I would tend to think that ambition as you suggesting would come from an attitude of taking risk. I think there are a lot of ambitious people who don’t know how to take calculated risk and end up spent from too many unsuccessful risk. But risk is definitely an ingredient. I have lost a lot of money in Real Estate and Stocks, BUT, I have made far more than I lost, which leads to the next point,

Persistence is an important ingredient. One of the important things I want to make sure my children understand is that life is six steps back seven steps forward, and you have to have perseverance to ride it out. Also the very reason why it’s important to save for that rainy day. When your seven steps ahead, if you blow your wad and expect seven more steps forward, you being foolish.

I think hard work is definitely another component. The old Jewish proverb goes; when you’re young work hard for your money, so when you’re old your money will work harder for you.

The last ingredient, IMO. is time, Time is a powerful tool. A dollar saved for retirement at age 20 will be worth $72.89 at age 65, a dollar saved at age 30 will be worth $28.10 at age 65, and a dollar saved for retirement at age 40 will be $10.83, 50 – $4.18. This assumes 10% long term interest and doesn’t factor inflation in, but the impact of time is as dramatic any way you calculate it.
I didn’t touch on a can do attitude or believing in yourself.

Your_Majesty's avatar

If backed by qualified human resources. Ambition alone is merely a psychology factor to achieve something, it doesn’t give you a material to achieve something which intelligence can provide. I don’t think luck could be counted as a factor of being successful as we live in a world where almost everything is organized systematically. But if you’re talking about luck being born as rich person or relation to rich family-background then luck has its own share.

picante's avatar

With the proper focus and training to achieve one’s goals, of course ambition is extremely important. It’s the “fuel” in the engine oftentimes One must be prepared to “run on empty” on occasion, and you’ll need to refuel often.
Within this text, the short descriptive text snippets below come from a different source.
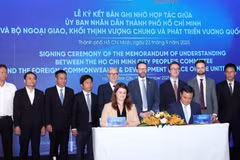 胡志明市人民委员会与英国外交和联邦事务部在胡志明市签署城市发展、建设、基础设施与交通运输领域合作备忘录。图自越通社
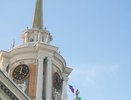 В Екатеринбурге повысят зарплаты муниципальным служащим и главе города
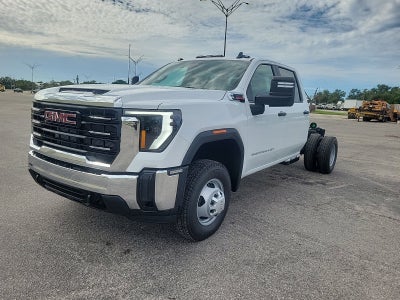 2026 GMC Sierra 3500 HD Chassis Cab Pro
I would add that I am thinking of ambition in only the most positive terms—moving toward achieving a goal that is not to the detriment of others. Blind ambition, working to achieve a goal at any expense, is a bad thing, in my opinion.

JLeslie's avatar

Ambition is an important element to success I believe.

Luck is the meeting of preperation and opportunity. My husband’s family used to say my husband was so lucky, and it pissed my husband off. He has been successful because he has worked his ass off. When an opportunity came along, he had the education, experience and skills to get the job and do well. If his siblings had studied and received a college degree, and moved to different states to move up in their career, and be willing to sacrifice as much as he, they could have had similar success. In fact, later in life his brother has made some radical decisions to get what he wanted from his career, and has been overall successful, with some speed bumps along the way. He always had the ambition, but not the patience it took to start off slowly and sacrifice. He wound up in a relationship with someone in the very business he was interested in, so he got a little lucky in that sense, but he was good at the job, and helped grow the business.

Simone_De_Beauvoir's avatar

I don’t think ambition and realistic expectations are mutually exclusive. I consider myself an ambitious person but I don’t go after things I know I can’t achieve like going into space or whatever. I will say that, yes, being ambitious has helped me succeed, I simply take more risks than others and am pretty determined so even if I fail, I still have more times when I succeed.

mazingerz88's avatar

Ambition + Daydreaming = Nothing

Ambition + Relentless Action + Make One’s Own Luck = Success

gorillapaws's avatar

Ambition is necessary for creating your own success (unless you win the lottery or inherit a large fortune), but not sufficient. See this.

If you define success as having a happy home life and a reasonable middle-class living, then ambition may not be a factor at all, although I suspect from reading your question you’re referring to “making it big.”

wundayatta's avatar

I don’t feel like I have any ambition. I just want to be loved and have people like to hear what I have to say and be a good parent and stay alive.